Of course, such an ethical concern would not be a reason to embrace inductive reasoning were inductive reasoning not workable. One accepts inductive reasoning because it can be demonstrated that past experience is predictive of future outcomes, within a range of probability. It is this issue of probability that has been so troublesome to many philosophers. Biological induction necessarily contrasts with the absolute predictability one might find in physical laws, properly circumscribed. However, others have accepted probability as sufficient for claims of causality. Therefore, as long as one gains a sufficiently large data set that is representative of the variations observed in the clinic, and achieves this by demonstrating the reproducibility of the data, one can join in the inductive project with a clinical trial outcome.
The relevance of a philosophical posture for a physician or scientist is made clearer by considering the patient who seeks treatment for his disease. The patient who receives a new treatment based on the results of an experimental trial, and as a result survives (as revealed by the experience of those patients who were not similarly treated), must continue to be offered the therapy and would not be well served by a philosophical program that claims this past experience is irrelevant. Therefore, the clinical trial should not be framed with a hypothesis aimed at falsification but rather should be explicitly inductive because the project of the physician is explicitly inductive.
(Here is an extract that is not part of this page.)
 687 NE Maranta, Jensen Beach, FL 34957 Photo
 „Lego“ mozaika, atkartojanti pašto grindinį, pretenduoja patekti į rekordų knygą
When one turns to basic biology, the issue is straightforward. Here, the scientist must ask whether verification or falsification is being sought. If the scientist concludes from a result that a similar result will occur, or that the data will establish a rule for how things work, then the project is inductive. If the experimental design is inductive, then the Critical Rationalist framework is inconsistent with the project that is being performed, and the hypothesis should be abandoned in favor of either a question or, if sufficient data are available, a model. We propose that building hypotheses should be abandoned in favor of posing a straightforward question of a system and then receiving an answer, using that answer to model reality, and then testing the reproducibility and predictive power of the model, modifying it as necessary.
Finally, when confronting a project where comprehensive data sets are accumulated, such as genome sequences, a hypothesis may not even be feasible. What would such a hypothesis be? Only a question is required: “What is the sequence of genome X?”. This would be followed by an answer, the genome sequence, that can be tested for reproducibility by further sequencing, allowing for an increasingly improved model for the genome. Thus, although a hypothesis might have been thought to be necessary in the past, it no longer seems to be so. It is better to see science as a quest for good questions to try to answer, rather than a quest for bold hypotheses to try to refute.